W Parku Śląskim opencacherzy mają już blisko czterdzieści lokalizacji
Wydrążony kamień. W nim ukryta mała skrzyneczka. Wpis do dziennika, wymiana fanta – sukces. Brzoza, między gałęziami kolejna skrzyneczka. Nieco większa od poprzedniej. Te same czynności. Znów sukces. Poszukiwania trwają dwie godziny, ale frajda jest niesamowita.Tak mówią geocacherzy. Postanowiliśmy sprawdzić. Razem z Anetą Gołębiowską, autorką jednej z dwóch opencachingowych ścieżek w Parku Śląskim, na których ukryte są tajemnicze skrzyneczki.
Zanim ruszymy w trasę, kilka słów gwoli wyjaśnienia, o co chodzi. Geocaching, to gra terenowa użytkowników GPS, polegająca na poszukiwaniu „skarbów" ukrytych przez jej innych uczestników. Poszukiwane skarby, tzw. skrzynki, to odpowiednio zabezpieczone, wodoszczelne pojemniki, zawierające drobne upominki oraz dzienniki, w których kolejni znalazcy odnotowują swoje odkrycia. Współrzędne miejsc, w których ukryte są skrzynki, ich opisy oraz instrukcje niezbędne do ich znalezienia, dostępne są w najpopularniejszej w Polsce internetowej bazie skrzynek, prowadzonej przez serwis opencaching.pl.

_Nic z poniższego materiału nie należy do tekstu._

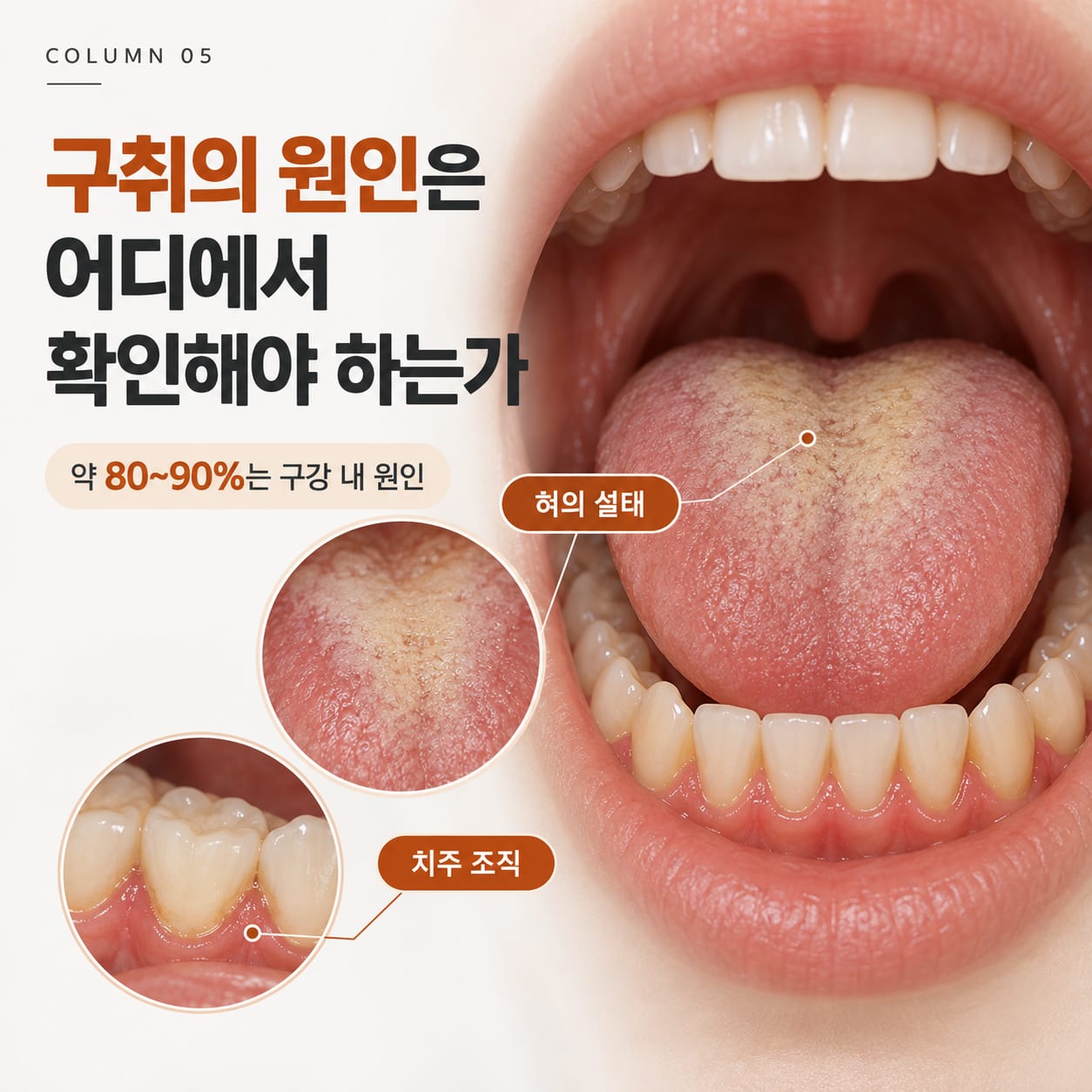 구취의 확인 부위인 혀의 설태와 치주 조직을 확대해 표시한 구강 사진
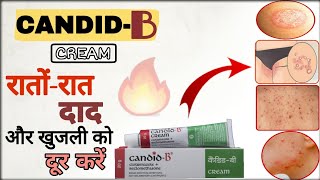 CandidB Cream Uses Benefits amp Side Effects in Hindi  CandidB Cream Ke Fayde  Medlife Coupons [upl. by Radmen688]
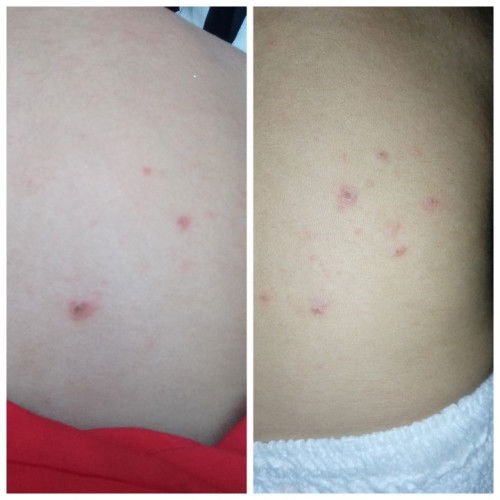 Gatal biasa atau cacar?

Od czego najlepiej zacząć? Zanim zaczniemy zabawę, najlepiej trochę poczytać. Wszystkie potrzebne informacje znajdziecie na wspomnianej stronie. Warto zajrzeć do kodeksu geocachingu, dowiedzieć się jak schować skrzynkę i jak powinien wyglądać wpis do dziennika. Poza tym, trzeba zaopatrzyć się w odbiornik GPS oraz zalogować w serwisie z bazą skrzynek. Potem, korzystając z wyszukiwarki lub interaktywnej mapy, wybrać skrzynkę w swojej okolicy. Tyle na początek.
Atrakcyjne i historyczne miejsca
Aneta Gołębiowska tłumaczy, że aby nie psuć nikomu zabawy, nie można podać dokładnej lokalizacji punktów. W parku jest ich blisko czterdzieści. Pierwsze miejsca powstały w 2007 roku. W tym roku stworzono dwie ścieżki, pierwszą na przełomie marca I kwietnia, drugą – w czerwcu. Podczas szukania jednej ze skrzynek, w okolicy „Kapelusza", Gołębiowska tłumaczy, dlaczego park jest tak dobrym miejsce do tej gry:
– To publiczne miejsce, do którego swobodny dostęp mają wszyscy. Poza tym, wielu ludzi doskonale kojarzy znajdujące się w nim miejsca. Są atrakcyjne, a niektóre nawet historyczne – mówi.
I wyjaśnia, że w Polsce geocaching rozwija się od 2006 roku.
– Na początku wszystko odbywało się raczej pocztą pantoflową, ale od kilku lat zainteresowanie rośnie lawinowo. Niektórzy mówią nawet, że ludzie dzielą się na geocacherów i na tych, którzy dopiero nimi zostaną.
Ogromna satysfakcja
Wbijamy współrzędne. Szukamy. Zajmujenam to około dwudziestu minut i jest! Na jednym z drzew, ukryta w gałęziach, czeka na nas skrzynka. Aneta wpisuje do dziennika swój nick. W środku jest drobny wisiorek. Gołębiowska tłumaczy, że nie możemy go zabrać, a ewentualnie wymienić na coś innego. Nic nie przychodzi nam do głowy. Zamykamy skrzyneczkę.
–Po co ludzie się w to bawią? Dla satysfakcji. Ona może być naprawdę ogromna. To również doskonałe urozmaicenie np. rodzinnego spaceru lub wycieczki rowerowej – podkreśla Aneta.
Pytamy ją o kolejne miejsca.
– W parku poziom trudności nie jest bardzo wysoki. Skrzynki są pochowane w krzakach lub w pniach drzew, przy rzeźbach. Są dostępne, ale też dobrze zakamuflowane – odpowiada.
– Co ciekawe, jedna z parkowych skrzynek jest mobilna. Po odnalezieniu, można zmieniać jej lokalizację, ale musi pozostać na jego terenie.
Wkomponowana w otoczenie
Idziemy dalej. Gołębiowska tłumaczy, że poziom trudności całej zabawy regulują sobie sami uczestnicy.
– Są miejsca tak dobrze dostępne, jak te w parku, ale są też i takie, do których można się dostać tylko po kilkugodzinnej wspinaczce ze sprzętem – mówi i dodaje, że szukanie skrzynki może trwać kilka minut, ale może się okazać, że trzeba poświęcić na to znacznie więcej czasu.
– Dla niektórych, chowanie skrzynek to również forma sztuki. Drążą np. skałę, aby schować w niej fant i dziennik. Potrafią tak wkomponować skrzynkę w otoczenie, że naprawdę bardzo trudno ją znaleźć – kończy, a ja wbijam w swój telefon kolejne współrzędne.